Exercise. Set each entry down verbatim, omitting images.

"""

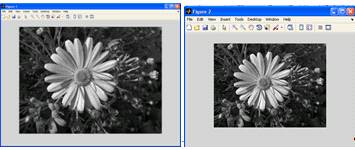 Курсовая работа по теме Перетворення цифрових зображень в середовищі Matlab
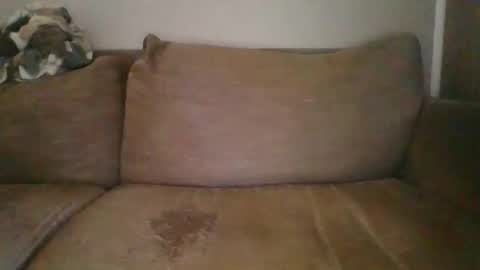 Snapshot of andellus chatting on 02/02/25, 11:51 andellus online show from 02/02/25, 11:51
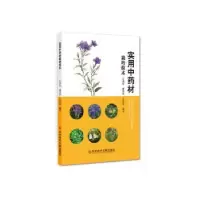 音像实用材栽培技术王渭玲,盛晋华,王良信编著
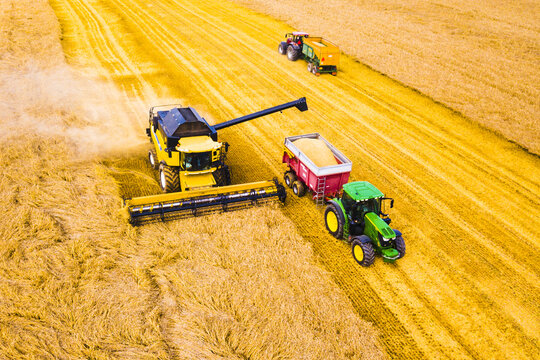 Aerial view of summer harvest. Modern combine harvester and tractor reaping wheat field. Agriculture from drone view.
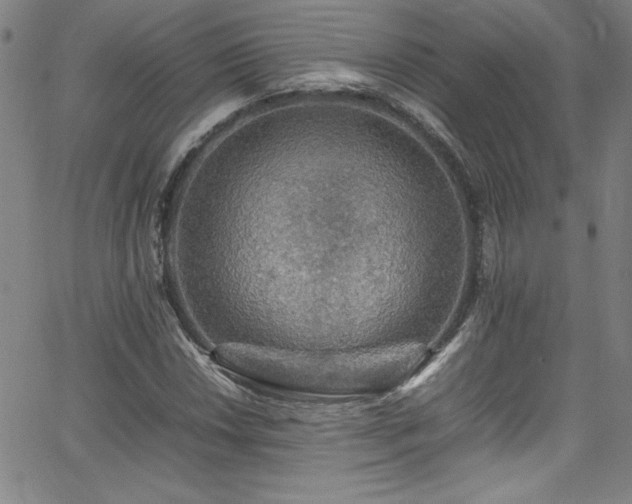 X0000065981018200603061209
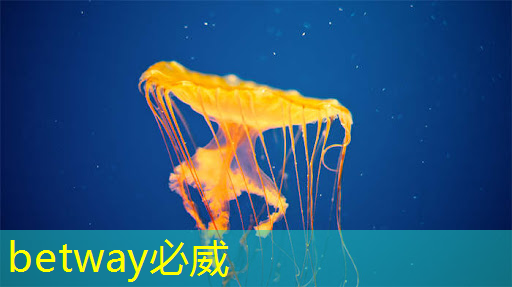betway必威西汉姆联官网：Talk预告 ｜ 壁仞智能科技高级研究员唐杉：AI芯片技术发展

"""

Solved exercise.
 Курсовая работа по теме Перетворення цифрових зображень в середовищі Matlab
 Snapshot of andellus chatting on 02/02/25, 11:51 andellus online show from 02/02/25, 11:51
 音像实用材栽培技术王渭玲,盛晋华,王良信编著
 Aerial view of summer harvest. Modern combine harvester and tractor reaping wheat field. Agriculture from drone view.
 X0000065981018200603061209
betway必威西汉姆联官网：Talk预告 ｜ 壁仞智能科技高级研究员唐杉：AI芯片技术发展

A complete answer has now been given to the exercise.